Señor Sánchez, señor Iglesias, señor Rajoy, señor Rivera

Políticos y periodistas están condenados a encontrarse, a convivir en espacios cercanos, a trabajar desde diferentes trincheras pero sobre los mismos asuntos. Algunas veces esa proximidad fue tan grande que llegó a existir una cierta sintonía, una falsa corresponsabilidad, una traicionera complicidad entre unos y otros. Lo que al final casi siempre acababa mal para el periodismo: el periodista, subyugado por la cercanía del poder, abandonaba el sentido profundo de su trabajo, que era controlarlo.

En los últimos años estamos viendo con gozo cómo las televisiones, los medios más poderosos, inmediatos y masivos, se han entregado con pasión a la política. Y aunque ni todas las cadenas ni todos los programas lo hacen con el mismo acierto y rigor, es indudable que la audiencia está respondiendo y que lo que hasta hace poco parecía ser un contenido irrelevante se ha convertido en una de las estrellas de la programación.

Y en plena incertidumbre por la formación de un nuevo Gobierno, las ruedas de prensa de los líderes de los partidos se han transformado en uno de los fenómenos más atractivos. Las vemos en directo, a través de canales generalistas o de páginas de internet, desde casa o desde la oficina, en pandilla o individualmente. El miércoles pasado pudimos seguir las que dieron Pablo Iglesias y Pedro Sánchez tras su reunión. Había expectación. Muchos periodistas. Otros tantos asesores. Fotógrafos disparando sus flashes sin parar, un buen puñado de cámaras de televisión retransmitiendo en directo y cientos de miles de espectadores atentos a lo que allí iba a suceder.

Al margen del mensaje político y de las preguntas de los periodistas, lo que vimos, lo que llevamos viendo en los últimos meses, es a unos políticos que se dirigen con desparpajo a los periodistas por su nombre de pila, con una gran familiaridad. Y a unos reporteros a los que a veces se les escapa el tuteo y que en casi ninguna ocasión se identifican con su nombre y apellido, ni citan el medio al que pertenecen. Incluso es frecuente que hablen a viva voz, sin usar el micrófono, ignorando o despreciando a los que les estamos viendo y también nos gustaría escucharles.

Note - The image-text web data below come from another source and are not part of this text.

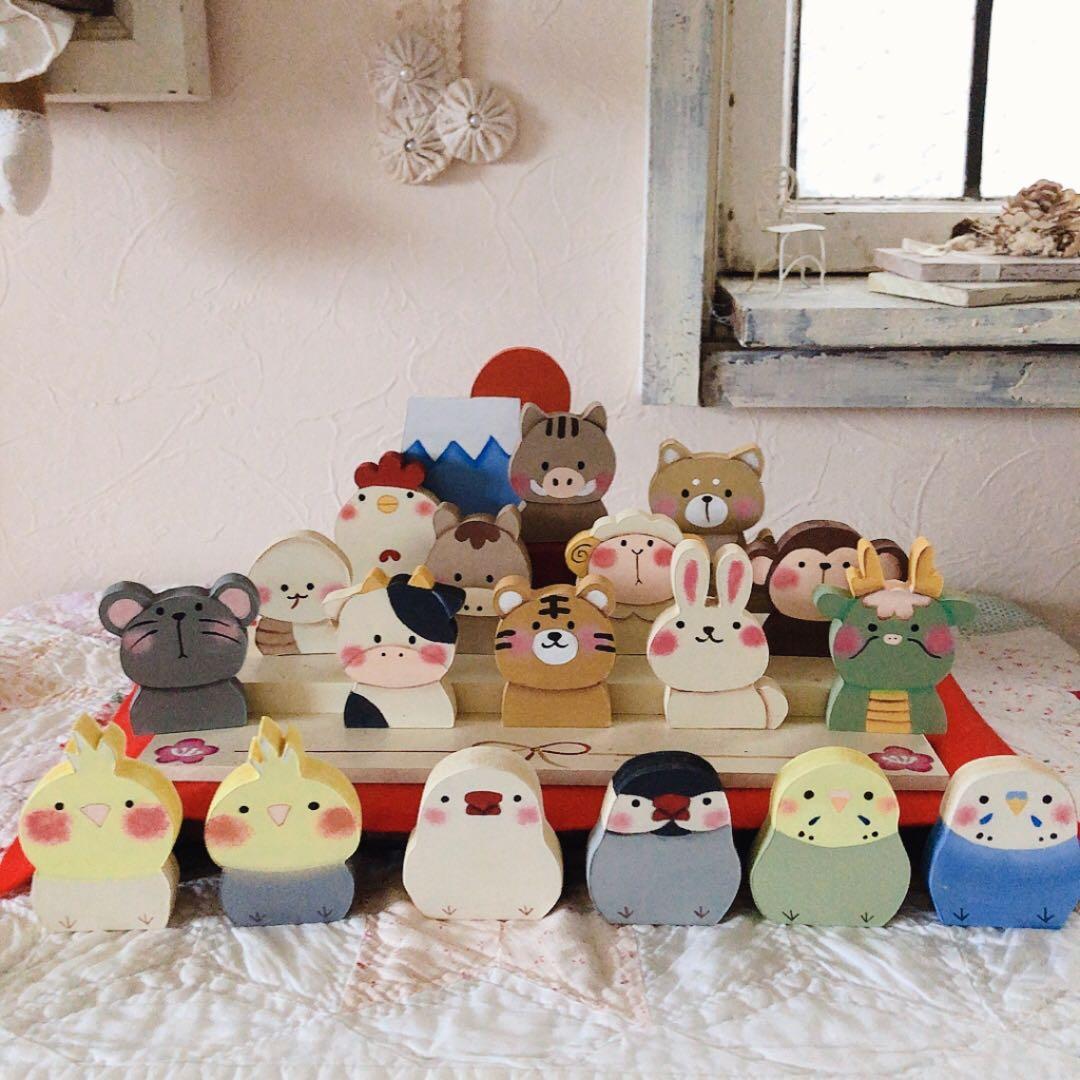 干支 十二支 トールペイント ナチュラル雑貨 お正月 鳥 文鳥 セキセイ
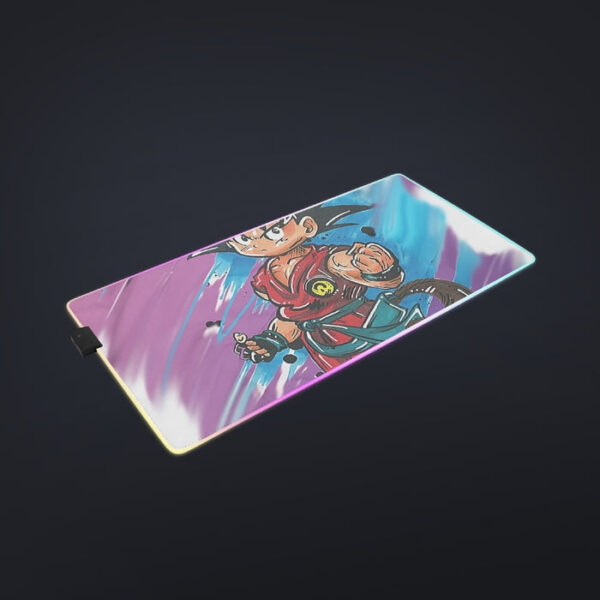 Dragon Ball Z  Kid Goku Graffiti Painting cool LED Mouse Pad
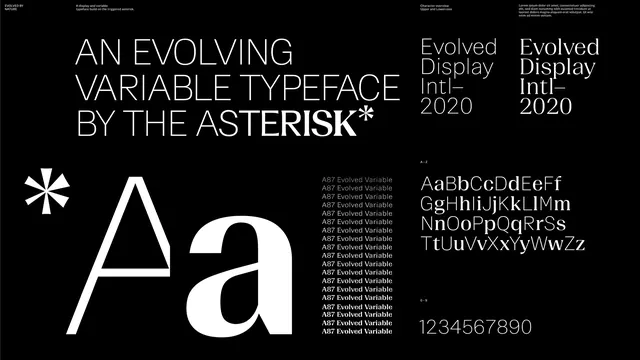 The Evolving Variable Typeface by the Asterisk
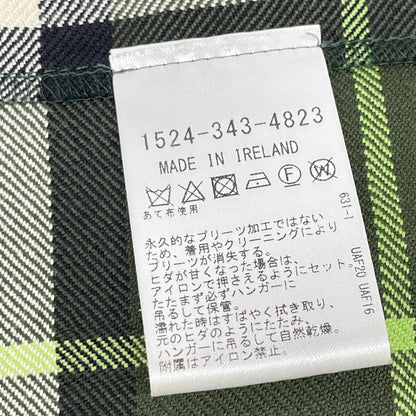O'NEIL OF DUBLIN オニールオブダブリン グリーン タータンチェックキルトロングプリーツスカート スカート
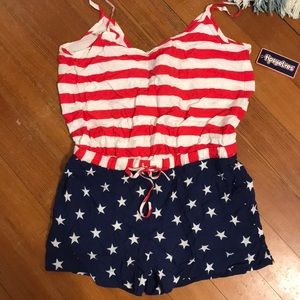American flag romper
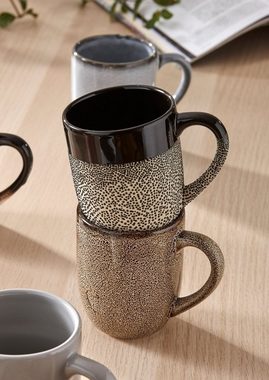 Ladelle Becher CAFE Becher mit Henkel weißer Sand 0,3 l, Steinzeug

Creo que deberíamos establecer una especie de libro de estilo para estas ocasiones. La primera norma, la esencial, la indispensable, debería ser evitar a toda costa la excesiva cercanía. Ni en el trato, ni en el tono, el periodista puede aparecer como un amigo o un colega. Ya sé que hubo periodistas que jugaban al pádel con el presidente, o presidentes que hipnotizaban en su bodeguilla a los opinadores más díscolos, pero esos tiempos son historia.

Señor Sánchez, señor Iglesias, señor Rajoy, señor Rivera, soy fulanito de tal del medio tal, debería ser el arranque obligado de cada intervención. No solo por una norma evidente de educación, también y sobre todo porque añade una información importantísima para valorar la pregunta. Saber quién la hace y el medio al que pertenece no es una anécdota, nos ayuda a comprender las intenciones y a valorar el rigor y la calidad del periodista y del que le paga.

Y desde luego sería bueno –es nuestro trabajo– esmerarnos un poco a la hora de plantear las cuestiones. Es verdaderamente patético ver cómo a un periodista en plena intervención se le olvida lo que iba a decir (el miércoles pasó) y cómo otro, tras hacer varias preguntas, se ausenta de la sala antes de recibir las correspondientes respuestas para sorpresa del interpelado (también sucedió). O el rito repetido por algún veterano, que haciendo gala de su conocido ingenio, siempre nos obsequia con algunos comentarios personales antes de hacer la pregunta que, en este caso, querido Miguel Ángel Aguilar, por fortuna sí suele ser un poco puñetera.